When it comes to straight-line performance, Lightning Motorcycles has the e-bike world covered with the LS-218 – and it’s fairly competent at getting around a racetrack, too. Ducati’s never been about drag racing, so I can’t imagine the electric Ducati going for 218-plus mph runs at Bonneville. In that sense, it will take a magic combination and balance between power and weight to come up with a motorcycle that can circulate a track quickly, not weigh too much, and still have enough juice to do a handful of laps (eight is a good starting point). With the current status of electric propulsion in mind, it’s hard to imagine the e-Ducati being head-and-shoulders above the other players. Unless, of course, Ducati is hiding some revolutionary battery tech between the walls at Borgo Panigale. I doubt it.
Or there’s another way to view the e-Duc – as an entry to motorcycling/track riding instead of a flagship. Judging by the student pics from the University of Bologna, the modified motorcycle they are riding looks about the size of a Moto3 machine. If that’s the case, maybe this is the motorcycle to attract new or returning riders to Ducati, to riding, and maybe even to the track. If so, there won’t be an expectation to produce an electric Panigale V4 equivalent but, rather, something easy and inviting, while still uniquely Ducati. The restrictions currently present in electric technology won’t be as big of a hurdle, as present-day componentry exists to produce a sporty bike, and outright performance isn’t the goal.
No matter what, an electric Ducati is going to be heavy compared to an applicable ICE counterpart. Batteries, motors, and onboard chargers still haven’t gotten much lighter, and until they do, don’t expect two-stroke levels of lightness. It’s perhaps one of the biggest drawbacks to electrics, and again – unless these students, or Ducati’s own engineers, have something incredibly revolutionary up their sleeves – an e-Duc won’t be any different.
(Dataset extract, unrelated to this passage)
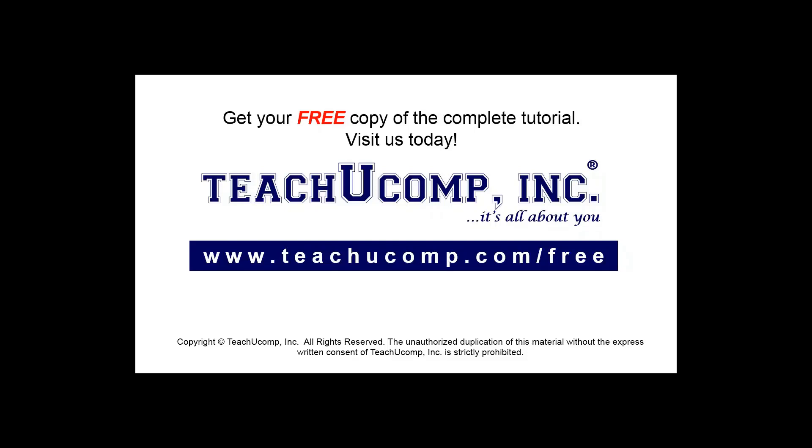Get your free copy of the complete tutorial at www.teachucomp.com/free.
One area where Ducati could use its experience to outclass the rest of the field is in its user interface technology. The Panigale V4 and Multistrada 1260 have such clear and vibrant displays one could watch a movie on them. If the e-Duc is supposed to be high-tech and futuristic, the UI and UX will have to be next level. Head up displays, IoT-compatible to detect danger ahead and perform the necessary functions to avoid it, things like that. Hey, if we’re making wild predictions, why not aim high? But let’s nix tire pressure monitors. Those things are annoying and break all the time.
It’s no secret: Ducatis typically command a higher price than their competition. You know what’s also pricey? Electrics. Combine the two and you know what the result will be. Of course, Ducati can’t be foolish and price itself right out of the market, and you can be sure Ducati has its eyes on Harley’s LiveWire to see how it sells. The competition may be even steeper now, especially as models like the upcoming Lightning Strike promise impressive performance for a reasonable (starting) price of $13,000. If the Strike actually lives up to the hype, then that could put pressure on Ducati to deliver the goods without breaking the bank. At the end of the day though, Ducati still has a reputation to live up to, so I wouldn’t be surprised to see a price tag commensurate with that reputation.